Nos devolvió aquel día luminoso los recuerdos olvidados, las miradas ansiosas y perturbadoras de la adolescencia, que se presentaban impregnadas de distintos colores, como si una acuarela fuera; y, también, los ojos, por fin, dejaron de interpretar los celajes, tan recurrentes en cuanto nos sentábamos en un banco de la plaza para ver sin ver y mirar sin mirar, al tiempo que descubríamos el valor afinado de la sombra proyectada en los viejos adoquines: al parar y descansar, sentimos que todo se detiene, menos la mirada, que sigue su sendero como si acabara de iniciar la lectura silenciosa de la penúltima novela.

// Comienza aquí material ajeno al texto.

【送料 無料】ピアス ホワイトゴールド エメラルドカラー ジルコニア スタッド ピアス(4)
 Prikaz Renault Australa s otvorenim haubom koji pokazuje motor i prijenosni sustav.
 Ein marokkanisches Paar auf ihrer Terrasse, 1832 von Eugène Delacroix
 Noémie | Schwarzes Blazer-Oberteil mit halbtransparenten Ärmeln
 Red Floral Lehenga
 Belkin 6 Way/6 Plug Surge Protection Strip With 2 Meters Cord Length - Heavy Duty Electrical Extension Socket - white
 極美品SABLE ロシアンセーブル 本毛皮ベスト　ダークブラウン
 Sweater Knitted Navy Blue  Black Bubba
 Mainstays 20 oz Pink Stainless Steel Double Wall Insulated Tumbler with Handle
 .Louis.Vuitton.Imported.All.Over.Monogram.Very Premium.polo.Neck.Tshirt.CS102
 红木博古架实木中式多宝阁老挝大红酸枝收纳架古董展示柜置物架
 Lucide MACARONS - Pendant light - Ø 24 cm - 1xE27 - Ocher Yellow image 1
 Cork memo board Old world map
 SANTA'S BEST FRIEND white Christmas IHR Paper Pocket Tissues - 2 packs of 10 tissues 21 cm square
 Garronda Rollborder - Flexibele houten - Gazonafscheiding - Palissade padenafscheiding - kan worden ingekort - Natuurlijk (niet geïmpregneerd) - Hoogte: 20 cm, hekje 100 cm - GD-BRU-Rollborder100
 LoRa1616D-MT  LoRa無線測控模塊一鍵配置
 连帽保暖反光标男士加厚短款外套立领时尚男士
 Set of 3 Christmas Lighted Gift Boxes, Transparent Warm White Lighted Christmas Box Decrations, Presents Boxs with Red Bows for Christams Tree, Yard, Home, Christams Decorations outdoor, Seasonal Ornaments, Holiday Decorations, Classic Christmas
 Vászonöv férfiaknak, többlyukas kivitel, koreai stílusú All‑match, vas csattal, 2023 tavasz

Sí, “después de la lluvia”, la vida retornaba como la apacible travesía de un crucero tras superar el adverso oleaje. Esa velocidad, suave y recurrentemente monótona, nos regaló los paisajes del viejo paseo, los adoquines lisos de tantas pisadas y los olores de la dulcería que cada tarde de domingo vaciaba los estantes de su mostrador, alto y de madera limpia. Y también percibimos el aburrimiento de la primera juventud en la que solo la radio musical de los domingos (cortesía de Bazar Nueva York, como casi siempre) se había convertido en fiel compañera, donde los aires de la tierra empezaban a renovarse con nuevas interpretaciones y grupos que superaban en calidad al consabido y encorsetado esquema institucional de entonces, en el que la dictadura había metido sus garras y soliviantaba, adulterándolas a la vez, las esencias isleñas.
Sí, “después de la lluvia”, la evidente transformación se verificó: la luna mudó de sitio, el viento de la esquina se diluyó en el cambio climático y la azulada iglesia no terminaba de reparar los pináculos que adornaban sus delgadas torres.
Ya se sabe: lo que queda después de la tormenta: volver a empezar!!